祖父は潜伏キリシタンの末裔として、長崎市内で新婚生活を送っていました。
結婚してすぐに赤ちゃんを亡くしたばかりでしたが、曾祖父と奥さんと共に、戦下でも仲睦まじく質素に幸せに暮らしていたそうです。
しかし原爆で、一緒に暮らす家族を全員亡くすことになります。
教師だった祖父は爆心地から少し離れた場所で生徒と作業していたために被害が少なかったようですが、実家のある浦上は爆心地から500m~1km以内。
必死に曾祖父と奥さんを探すも、骨さえ見つからなかったそうです。
そしてとても大事にしていた実妹も、被爆から1ヵ月で亡くなりました。
家族を全員失う。
想像を絶する、耐え難い悲しみでしょう。
ですがそのなかにあってさえ、祖父の口から出てきた言葉は「主は与え、主は奪う。主の御名はほめたたえられよ」だったそうです。
この被爆体験は『原子野の「ヨブ記」』という本に、ひとつの体験記として書かれています。
どれだけ悲惨な人生にも意味はある
私たち一族は原爆投下から約80年経った今も、その後遺症に苦しんでいます。祖父は孫が生まれるたびに、まず五体満足かじっくり見てから、最後に喜んでいたと母から聞いたことがあります。

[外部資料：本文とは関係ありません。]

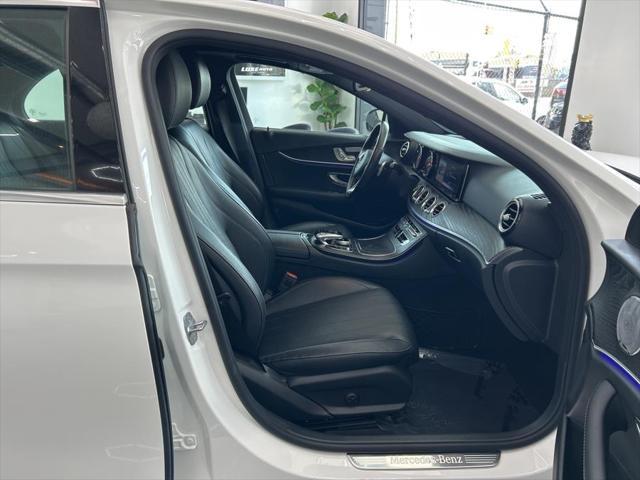 Photo of 2018 designo Diamond White Mercedes-Benz E-Class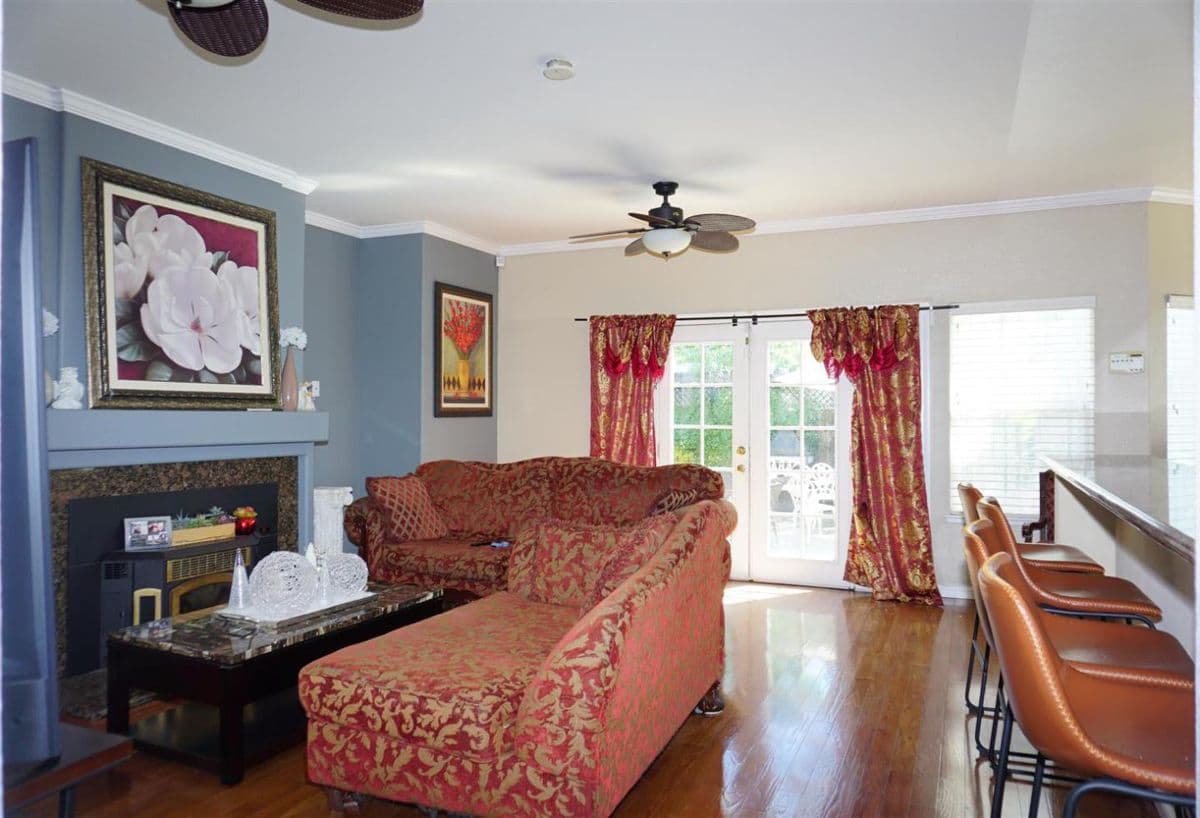 9402 Rodeo Drive - Photo 3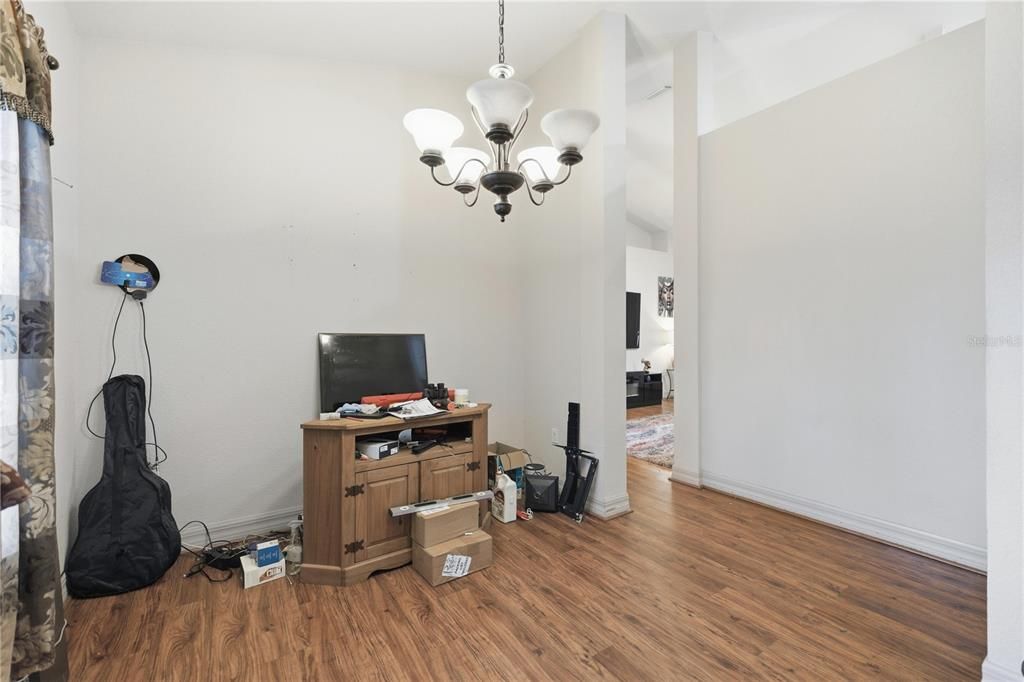 For Sale: $430,000 (3 beds, 2 baths, 1862 Square Feet)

それでも祖父は、原爆を落としたアメリカ人を憎まないと話していたそうです。
あんな酷いことをされたのに、バカじゃないか。
周囲には、そう言って呆れる人もいたそうです。
なぜ祖父は、一生忘れることのできない深い傷を負わせた相手を赦せたのか。その答えは、祖父の本に書いてありました。
「目の前の孤児を助けることに必死だった」
祖父は被爆後、先ほど紹介したゼノ修道士たちとともに、悲しむ暇もないままに、戦争孤児のための孤児院を作ることに奔走した時期があったようです。
きっとそうしなければ、深い悲しみに覆われて前に進めなかったのでしょう。目の前に愛すべき存在があったから、憎しみの感情に囚われなかったのです。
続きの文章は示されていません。